● **DATA FOR PROCESSING**:
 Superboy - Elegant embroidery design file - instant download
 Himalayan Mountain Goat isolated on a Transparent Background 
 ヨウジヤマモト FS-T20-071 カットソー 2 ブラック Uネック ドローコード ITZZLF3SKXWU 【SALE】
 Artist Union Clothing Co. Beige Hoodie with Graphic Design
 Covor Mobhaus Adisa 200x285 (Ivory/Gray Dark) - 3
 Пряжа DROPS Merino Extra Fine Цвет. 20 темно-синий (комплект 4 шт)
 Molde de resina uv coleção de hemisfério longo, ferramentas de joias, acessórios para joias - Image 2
...
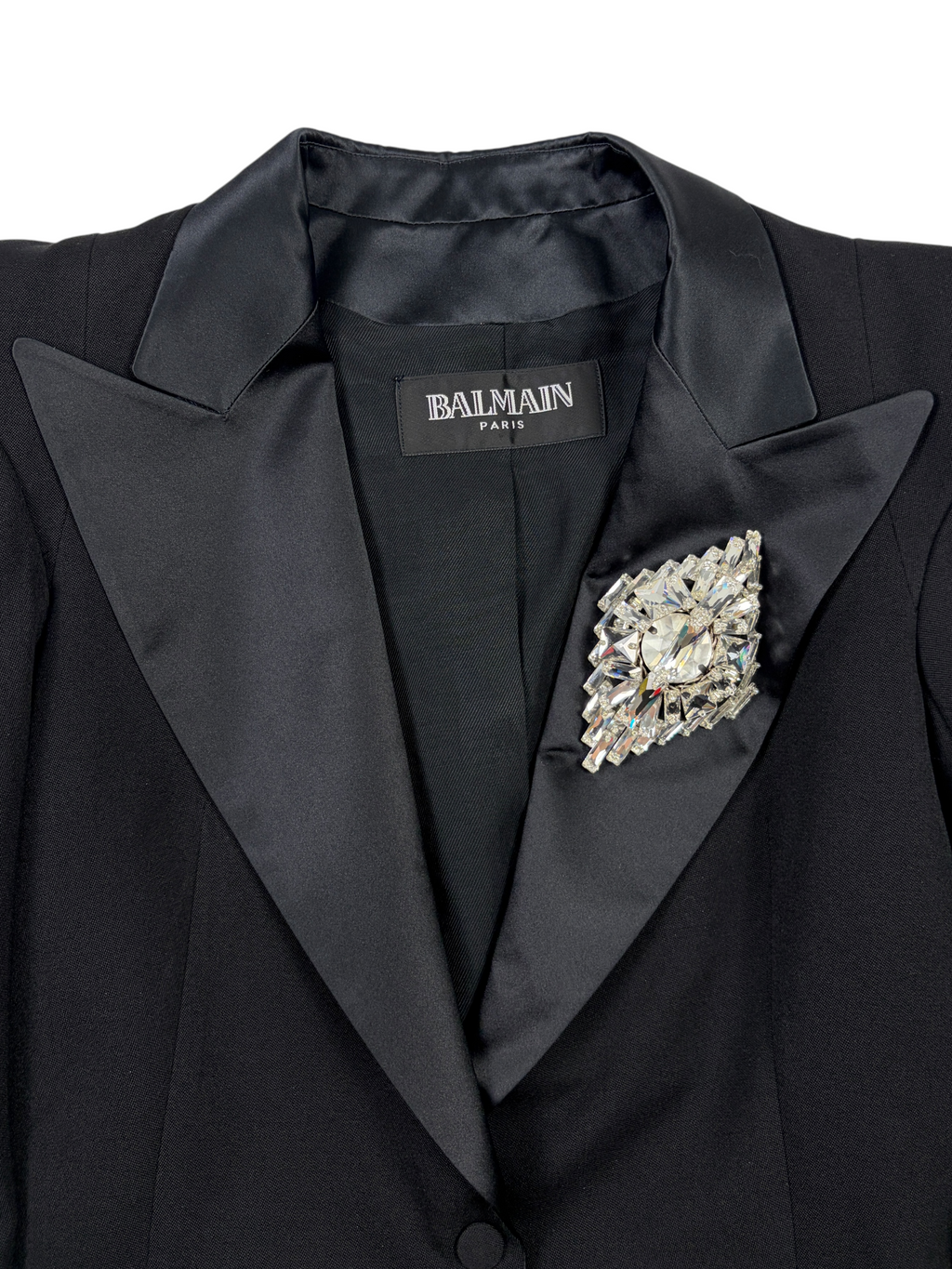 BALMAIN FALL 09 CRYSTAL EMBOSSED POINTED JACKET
==
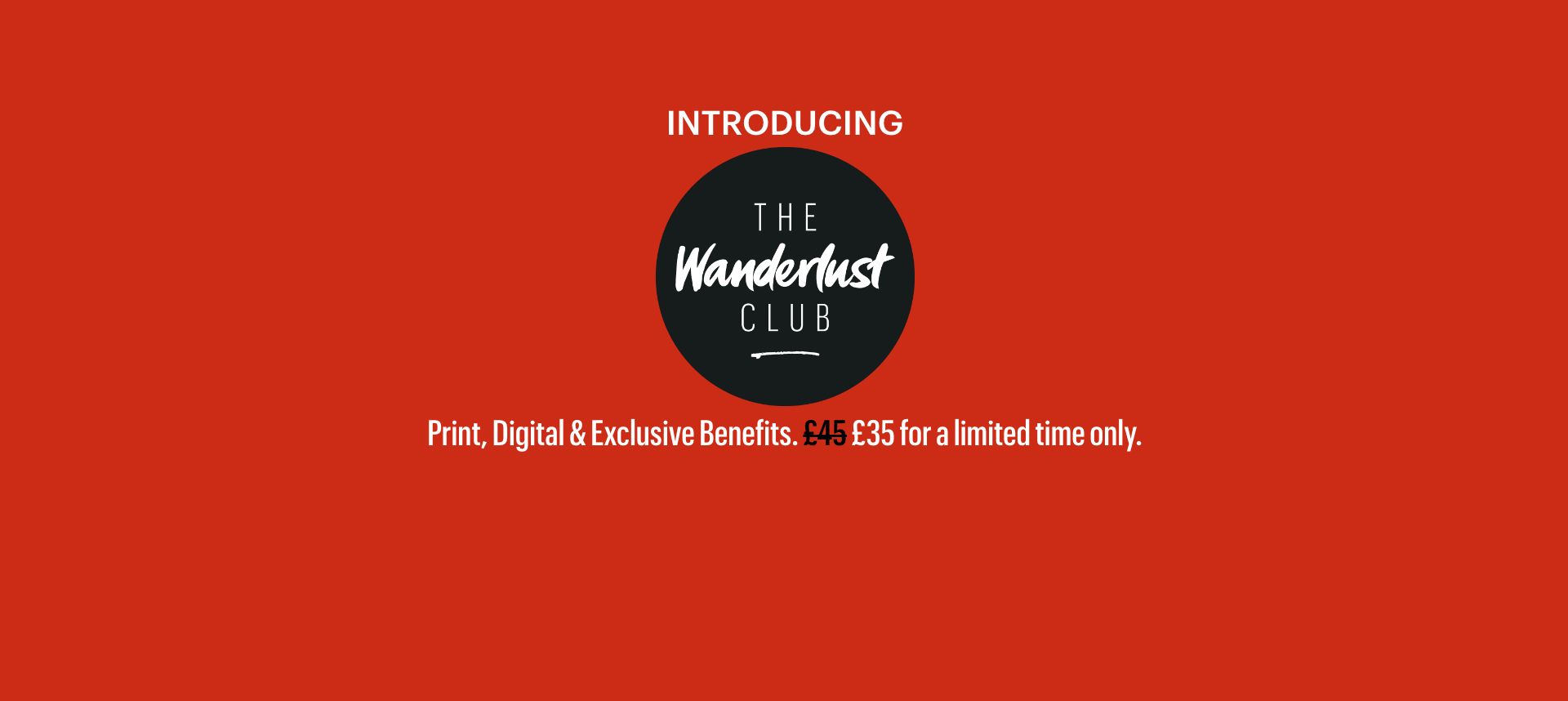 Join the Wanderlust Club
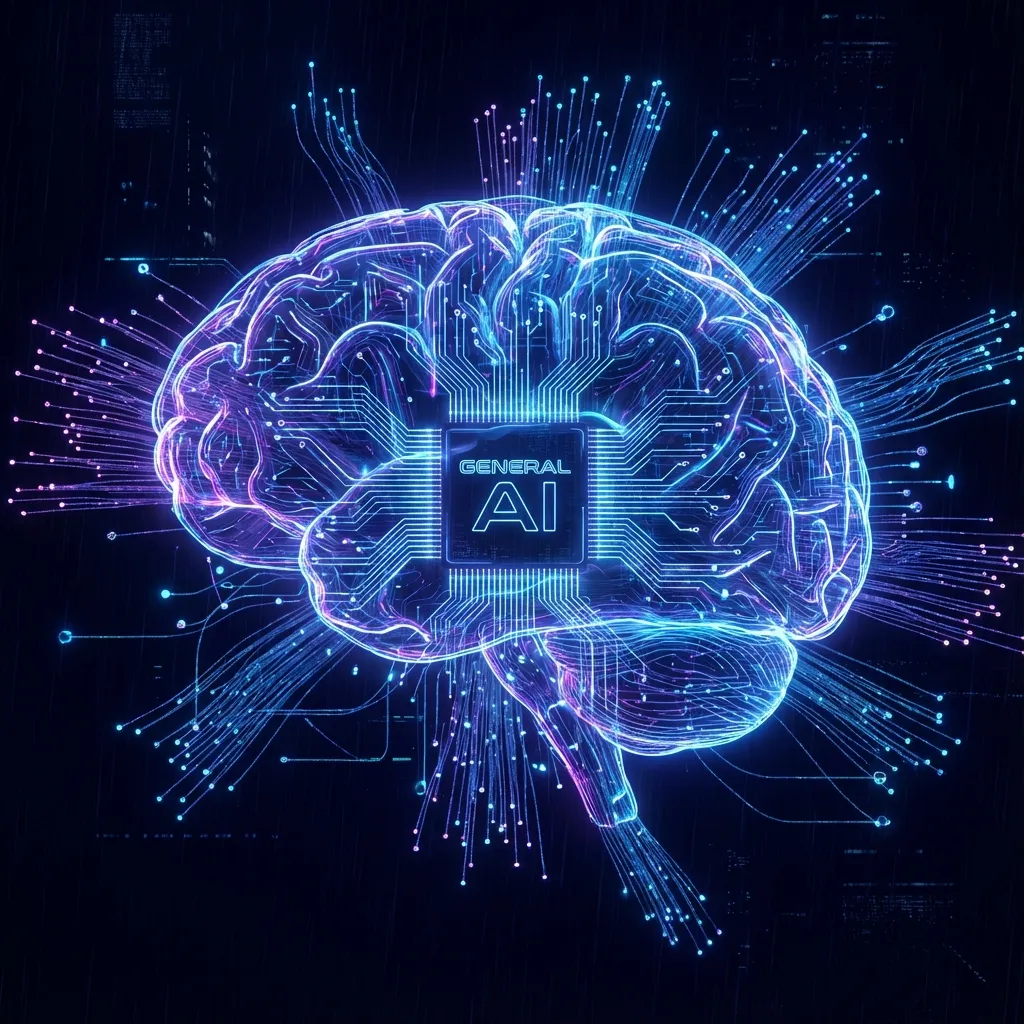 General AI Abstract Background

● **ACTION ITEM**:
Only those lines of the entries above that run from the line containing "Superboy - Elegant" to the line containing "Artist Union Clothing", both included, should be transcribed exactly.

● **SOLVED EXERCISE**:
 Superboy - Elegant embroidery design file - instant download
 Himalayan Mountain Goat isolated on a Transparent Background 
 ヨウジヤマモト FS-T20-071 カットソー 2 ブラック Uネック ドローコード ITZZLF3SKXWU 【SALE】
 Artist Union Clothing Co. Beige Hoodie with Graphic Design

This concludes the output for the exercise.